Simple, consistent interfaces for any codec.
https://juliaio.github.io/TranscodingStreams.jl/
Other
85 stars 28 forks source link

Should `write` with an `END_TOKEN` call `finalize` on the stream to prevent memory leaks? #117

Open KristofferC opened 2 years ago

KristofferC commented 2 years ago

The desire here is to close the TranscodingStream without closing the underlying buffer. This is documented in https://juliaio.github.io/TranscodingStreams.jl/latest/examples/#Explicitly-finish-transcoding-by-writing-TOKEN_END-1 and says that you should write a TOKEN_END token to the stream. However, an issue with that is that it only flushes the stream but it doesn't finalize it which leads to memory leaks in code written like:


using CodecZlib
using TranscodingStreams

function leak()
    buf = IOBuffer()
    data = rand(10^6)
    while true
        zWriter = ZlibCompressorStream(buf)
        write(zWriter, data)
        write(zWriter, TranscodingStreams.TOKEN_END)
        flush(zWriter)
    end
end

leak()

which will indefinitely leak. Manually calling finalize on the zWriter fixes the issue but it is not clear from the documentation that this is required. There are a few possible solutions:

Alternatively, it is also possible that the code that shows the leak above is "faulty" but generally, normal Julia code shouldn't leak like this so at least a finalizer might be a good idea.

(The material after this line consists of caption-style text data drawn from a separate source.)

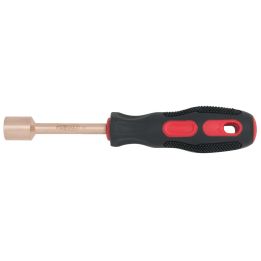 Tournevis à douille BERYLLIUMplus 14mm . 230mm KSTOOLS | Vis bois | Ek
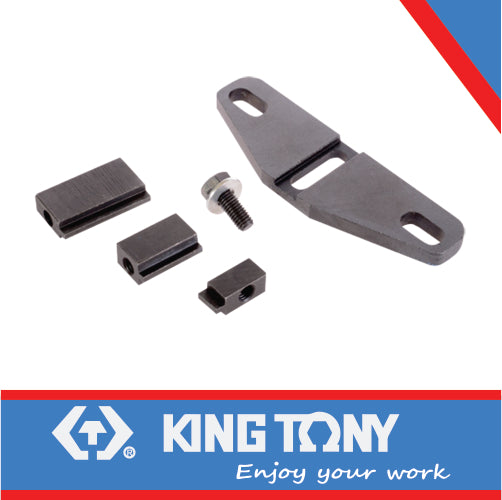 KING TONY FORD PETROL & DIESEL FLYWHEEL HOLDING & LOCKING TOOL | 9AT3 E01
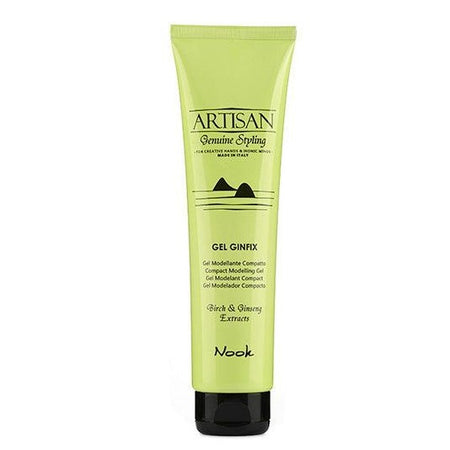 Nook Artisan Gel Ginfix 150ml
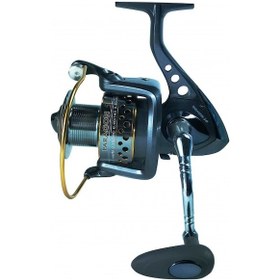 Resim Paragon Pr30 Olta Makinesi 8 Bilya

nhz2 commented 6 months ago

The stream is expected to still be writable after writing TOKEN_END. For example, https://github.com/BioJulia/FASTX.jl/blob/v2.1.4/src/fastq/writer.jl#L53 uses TOKEN_END in a flush function.

With #178 you can do:

using CodecZlib
using TranscodingStreams

function no_leak()
    buf = IOBuffer()
    data = rand(10^6)
    while true
        zWriter = ZlibCompressorStream(seekstart(buf); stop_on_end=true)
        write(zWriter, data)
        close(zWriter)
    end
end

no_leak()

Adding a finalizer is still a good idea.